When you want to buy a property, an agent will tell you: “we want to know how much you pre-qualify for because we want to make sure that we’re not wasting our time!”.
Though the terminology is something to be changed, the concept is quite simple.
Once you have checked out the affordability and repayments calculator, and know what you can afford.
You are now serious about looking for a property.
As someone who is serious, you can take the next step and get a pre-qualification certificate that states how much you can afford.
What is pre-qualification?
Having an idea of how much you can afford and how much you can pay back is not nearly enough proof that you actually can afford a loan.
This is why many mortgage originators (and estate agents) have developed a certificate so that you have something to show people that you are serious about buying. As a rough guideline, it means that according to their knowledge, you have the means to afford a certain amount of money.

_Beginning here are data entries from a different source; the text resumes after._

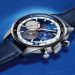ORIGINAL, ICONIC: THE SPIRIT OF EL PRIMERO NOW IN BLUE.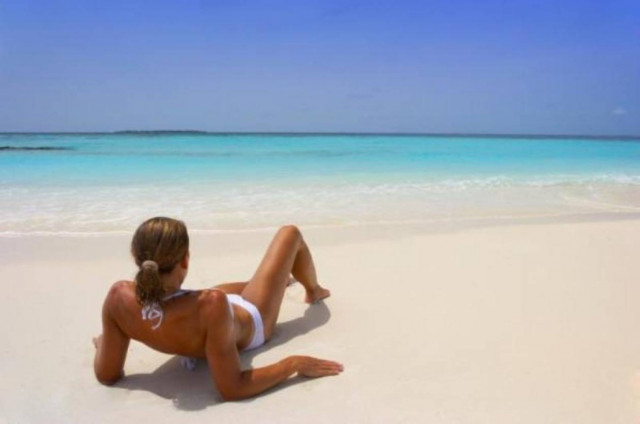 Έρευνα: Η ηλιοθεραπεία έχει και οφέλη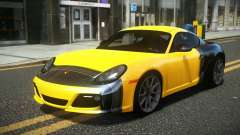 Porsche Cayman QF S14 для GTA 4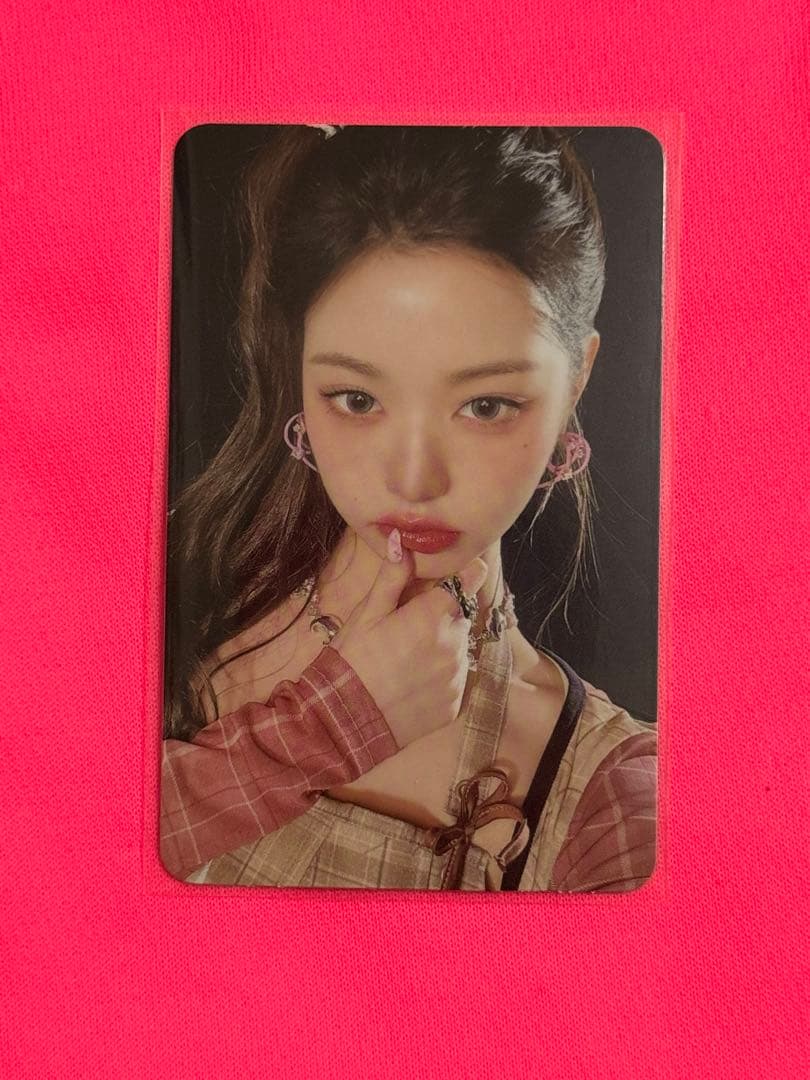 IVE empathy ウォニョン トレカ us exclusive アメリカ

It does not mean that the bank will lend you this money, but it does give you a much better idea within your personal financial situation. You need to see it as the most accurate guideline we have before submitting our loan application to the bank on how much the bank will most probably lend you.

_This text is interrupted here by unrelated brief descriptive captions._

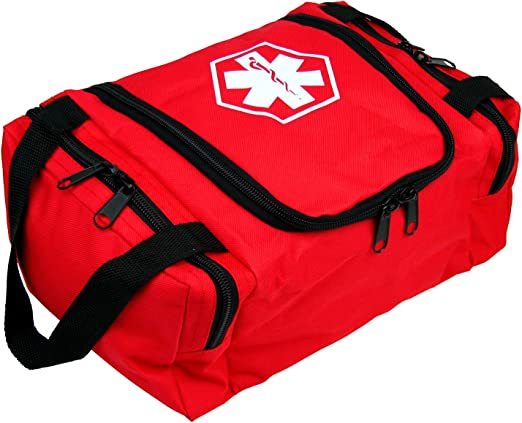 EMS Dixigear Empty First Responder II Bag
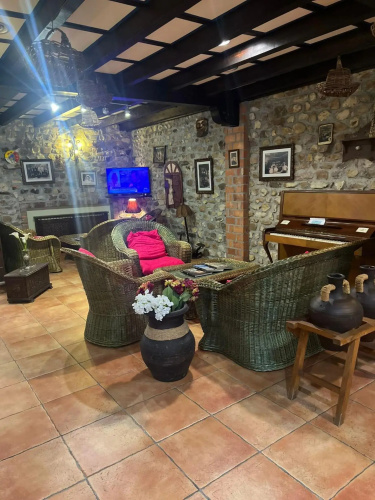 Hotel El Bricial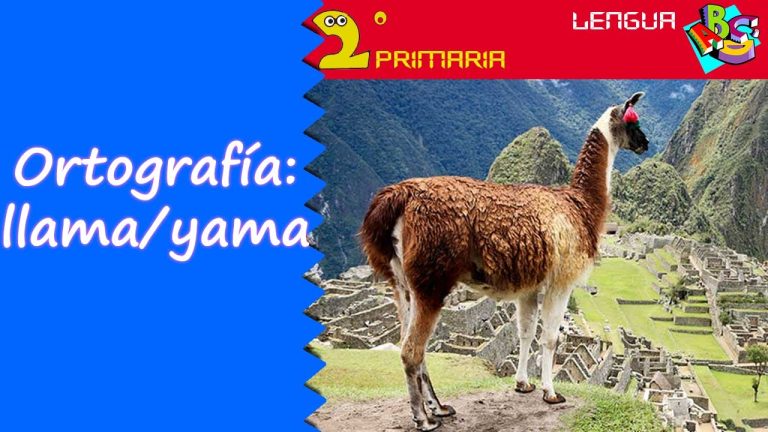 ¡Descubre cómo se escribe &#8216;yama&#8217; correctamente en español!
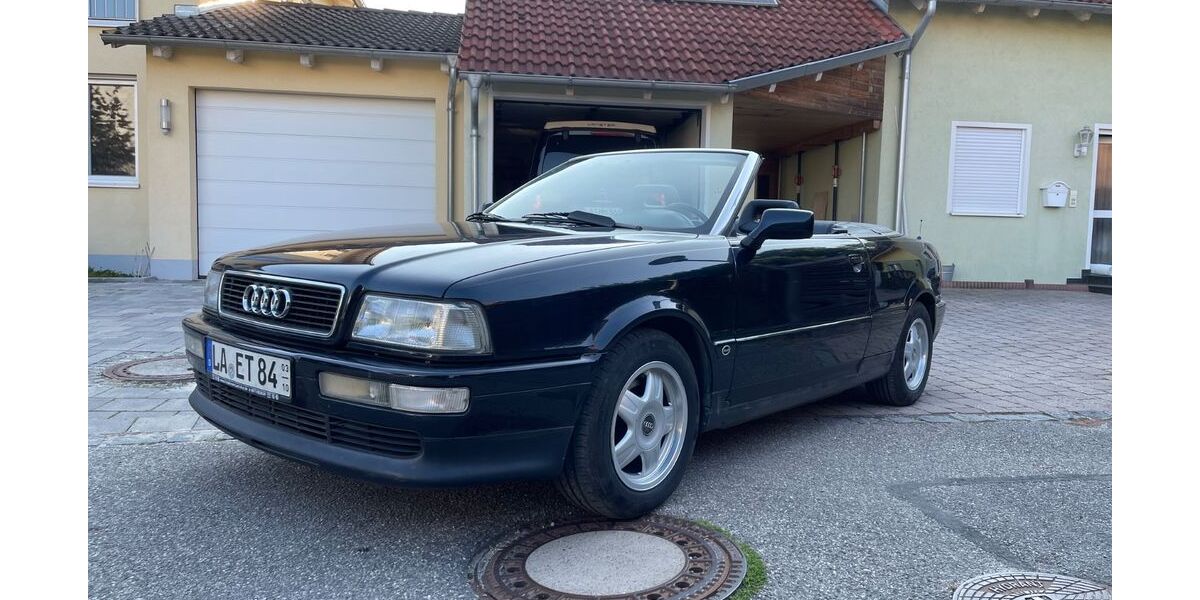 Audi Cabriolet 250.000 km 7.499 &euro; Bruckberg 84079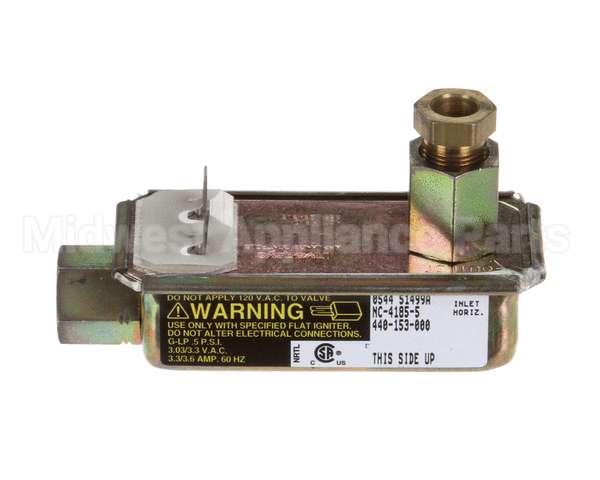 4415300000 Jade Valve, Bi-Metal Infared
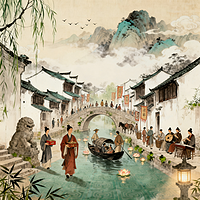 探寻乐羊：战国风云中的传奇与争议第4期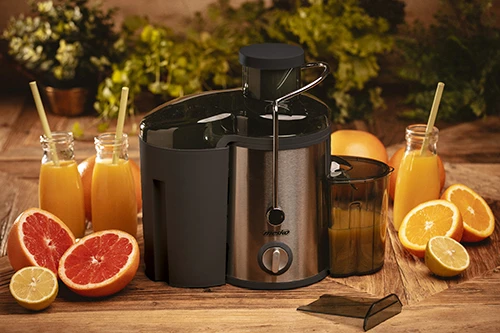 Sulčiaspaudė Mesko | Juicer | MS 4126b | Type Juicer maker | Nerūdijantis plienas | 600 W | Greičių skaičius 3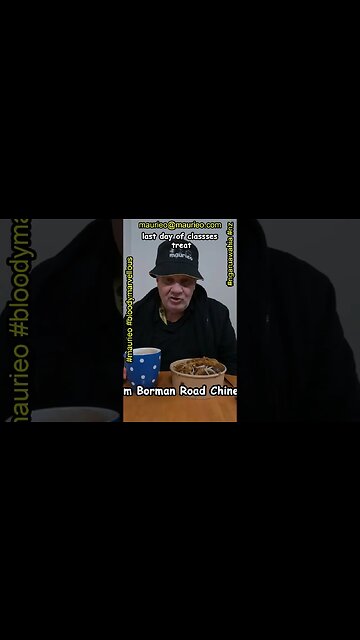 #maurieo #shorts CLASS END TREAT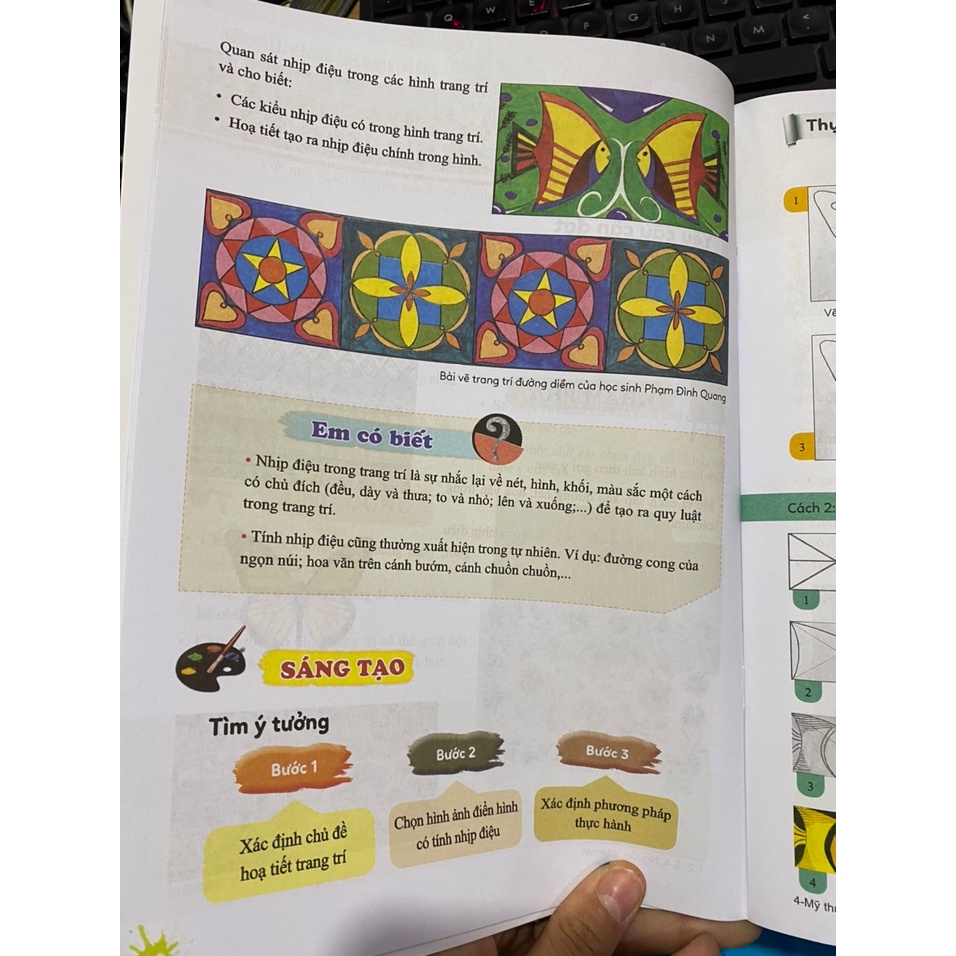 Sách - Mĩ thuật 7 ( Cánh diều ) , Bán kèm 1 viên tẩy cute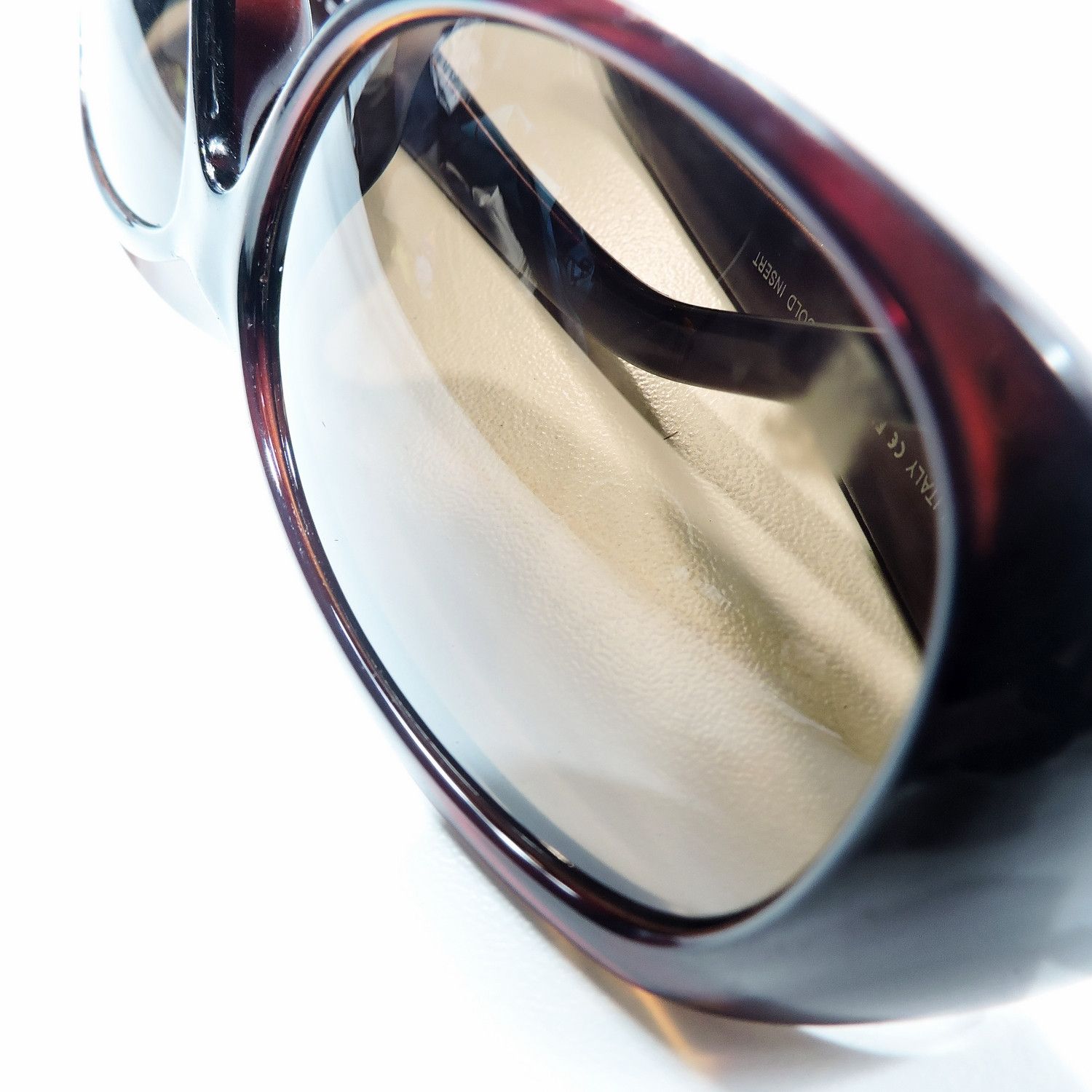 Fendi FENDI MONOGRAM LOGO SUNGLASSES [FS407 238] Size ONE SIZE - 17 Thumbnail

What is the difference between pre-qualification and affordability?
Most of the affordability calculators do not take into account the 30 % rule or exposure to property. It also does not include a credit check, as this will cost money.

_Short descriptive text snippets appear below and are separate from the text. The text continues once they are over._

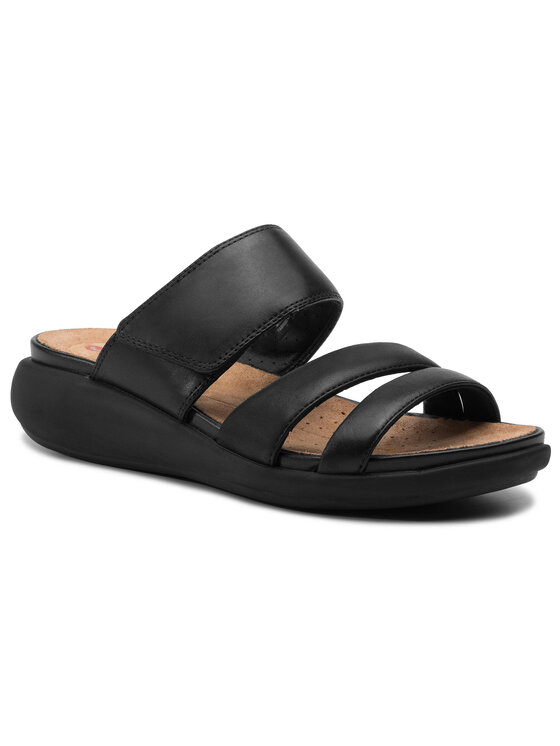 Clarks Nazouv ky Un Bali Way 261402234 ern Modivo.cz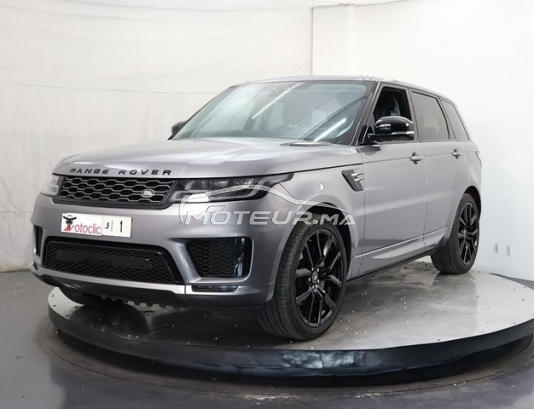 LAND-ROVER Range rover sport مستعملة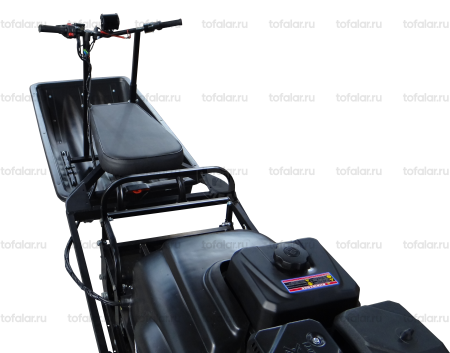 ТОФАЛАР Мотобуксировщик Тофалар 500 long Толкач 20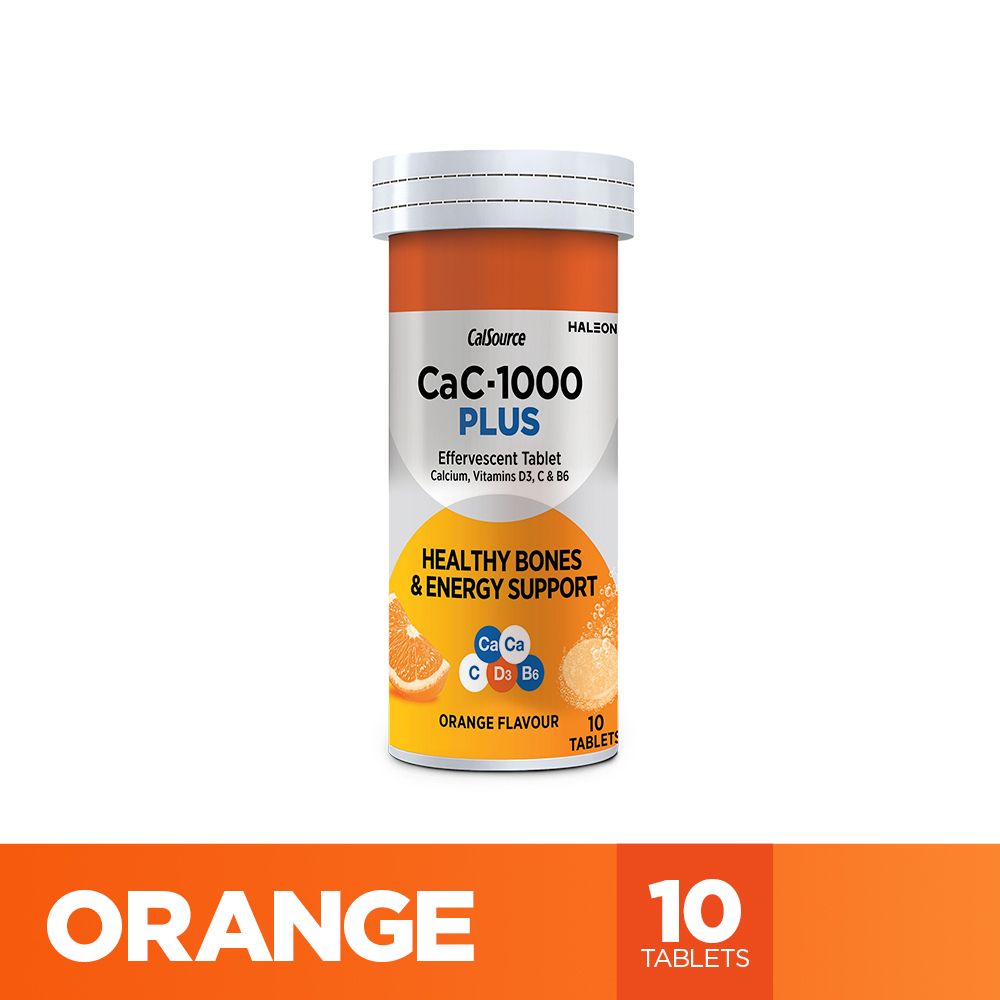GSK Cac-1000 Plus Orange, 10-Pack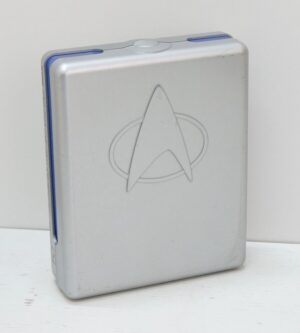 Star Trek The Next Generation - Stagione 2 Completa (6 DVD) (Episodi 1-22) Cofanetto Capsule Box - DVD in italiano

This is why a pre-qualification certificate was designed.
Once you’ve done all the checks on affordability and repayment calculators, you can now go and get a pre-qualification certificate. This is normally done free of charge to you, the buyer. The check will include a credit check, and all credit expenses will be included in the calculations
An affordability certificate is a fairly new thing. It’s basically the same as a pre-qualification certificate.
For more on affordability and credit expenses, check out my article here.
Though not a requirement when buying a property, it is convenient to use it as leverage to prove that you’re serious. If the agent knows that you can afford only e.g. a R 1 000 000 000 000 bond, he will show you properties in this price range.
This will save you time and give you leverage.
Now that you know about pre-qualification certificates, go now!